Selanjutnya, tutur dia, Enggartiasto mengajak Bambang Trihatmodjo untuk membuat konsorsium swasta tersebut dan anak Presiden RI ke-2 itu mengiyakan ajakan tersebut.
“Kemudian Konsorsium swasta melakukan koordinasi dengan Kemenpora dan KONI untuk menentukan arahan berapa dana yang di butuhkan. Dari koordinasi tersebut di peroleh angka Rp 70 miliar untuk penyelenggaraan acara Sea Games XIX di Jakarta tersebut dan ditanggung ,” terangnya.

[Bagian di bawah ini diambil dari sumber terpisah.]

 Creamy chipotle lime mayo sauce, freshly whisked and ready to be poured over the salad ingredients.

Namun seiring waktu berjalan, papar Bambang, ternyata diperlukan biaya lain yang di minta oleh KONI untuk melakukan pembinaan atlet dan sarana pendukung lainnya sebesar Rp 35 miliar.

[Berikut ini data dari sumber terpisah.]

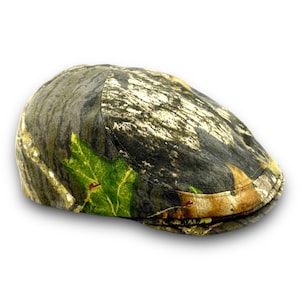 Puede incluir: Gorra plana de camuflaje con un estampado de hojas en tonos verdes, marrones y beige. El sombrero tiene una corona redondeada y una visera peque&ntilde;a y r&iacute;gida. La tela tiene un aspecto texturizado.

Dia menyebut, konsorsium swasta akhirnya meminta dana dari pemerintah untuk menutupi biaya tersebut.
Maka itu, keluarlah keputusan Keputusan Presiden Republik Indonesia nomor 01/IHHT/1997 tentang Pinjaman dana dengan bunga 15%.
Akan tetapi, laporan pertanggungjawaban, pinjaman tersebut akan dialihkan menjadi bantuan presiden, karena penyelenggaraan acara olah raga kenegaraan tersebut pada pokoknya merupakan kepentingan Negara RI.

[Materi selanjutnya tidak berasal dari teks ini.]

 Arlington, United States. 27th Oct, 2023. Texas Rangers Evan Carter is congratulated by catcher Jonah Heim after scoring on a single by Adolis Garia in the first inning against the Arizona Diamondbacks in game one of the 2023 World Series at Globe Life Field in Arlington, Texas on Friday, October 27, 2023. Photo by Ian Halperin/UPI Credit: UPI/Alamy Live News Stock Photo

“Faktanya memang di keluarkan oleh Kemensetneg secara administratif keuangan Negara juga tidak berasal dari APBN Negara Indonesia, namun berasal dari dana Reboisasi yang dipungut dari Pemegang Izin Usaha Pemanfaatan Hasil Hutan dari hutan alam yang berupa kayu di Kementerian Kehutanan,” jelasnya.